Superior Needs Your Vote

Multi Purpose Convention Center In The Works

Better City of Superior is a new non–profit economic development group that has come up with a plan to lure more tourists, Build the local economy and attract more businesses to the city.

It’s a form of food and beverage tax that city officials want you to vote yes this November to send a message to Madison for approval.

Since 1960, superior has lost an average of 120 citizens a year, which also equates to 30 families of 4 every year. On top of that if you add all the business that has left, it’s not good. The referendum discussed Thursday night hopes to put a stop to that.

For years the city of superior has looked across the bay watching Duluth’s tourism thrive to a whole new level as millions flow into the city each year spending millions and little to none of that makes its way across the Blatnik. Now sitting back and watching is no longer an option.

. “Were trying to be very commentary to Duluth by creating some down town assets that don’t exist in Duluth that would make the whole region stronger and allow superior to get its piece of the pie,” says Bruce Thompson, President of Better Superior.

The referendum calls for a food and beverage tax would cost the average citizen or tourist 5 cents on every ten dollars spent. Over years of accumulating that money and placing it into bonds the better superior movement would hope to draw in tourist from all across Minnesota and Wisconsin. Something superior lacks at this moment.

” We’d also be able to bring Wisconsin based organizations up to superior for conventions activity right now they won’t come this far they’ll come as far as Eau Claire because we don’t have facilities and they won’t host it in Minnesota.
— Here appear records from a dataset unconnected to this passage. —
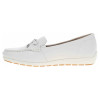 náhľad Dámske mokasiny Tamaris 8-84600-44 108 white nappa
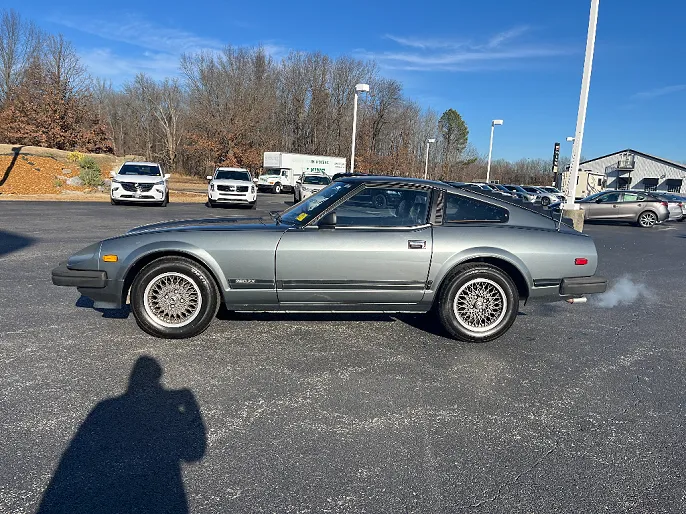Datsun 280ZXs for Sale | CarStory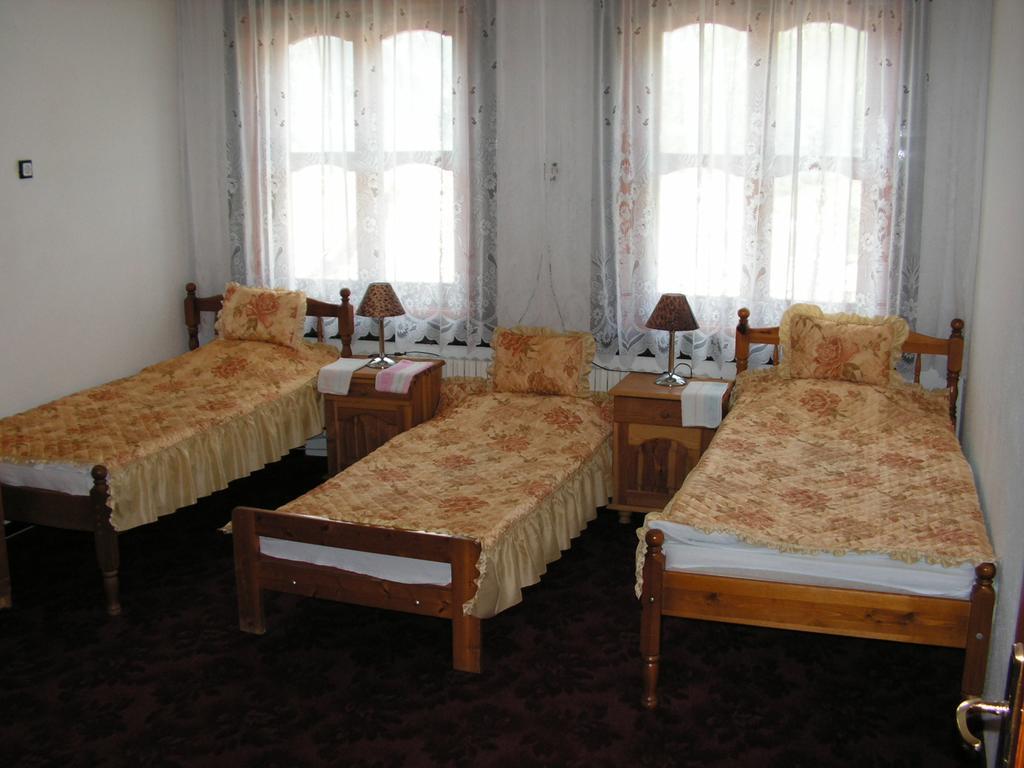 Guest House St Mariya Magdalena Девин Экстерьер фото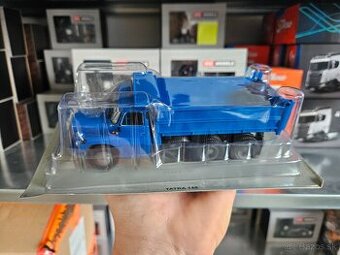 Model TATRA 148 1:43 deagostini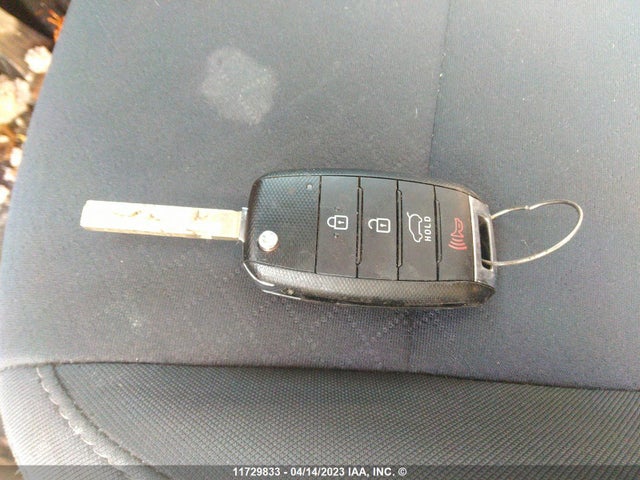 KIA Sorento L/lx 2019 5XYPG4A34KG444876 Image 11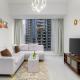 White Sage Opulence at Silverene Towers 1BR Dubai Marina, Dubai - Foto 1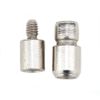 11 mm Double Cap Rivet Die Set for Hand Press Machine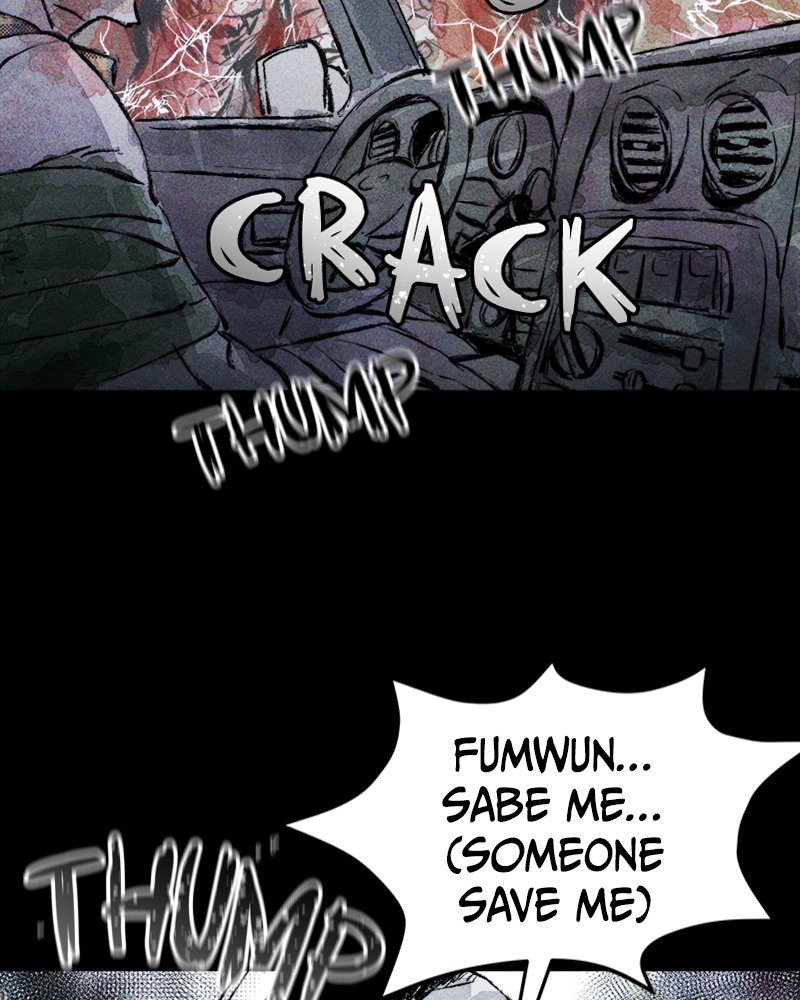 Pieces of Humans Chapter 26 - Page 64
So we have plenty of opportunities to bring Wisconsinites up to Superior to expose them to the entire region,” says Thompson.

The money gained from the tax would go towards a 150 room hotel and convention center, an indoor water park, and an indoor field house for soccer and lacrosse tournaments.

The vote this November would send a direct message to Madison that the city of Superior needs them to allow a tax like this for smaller cities in the state.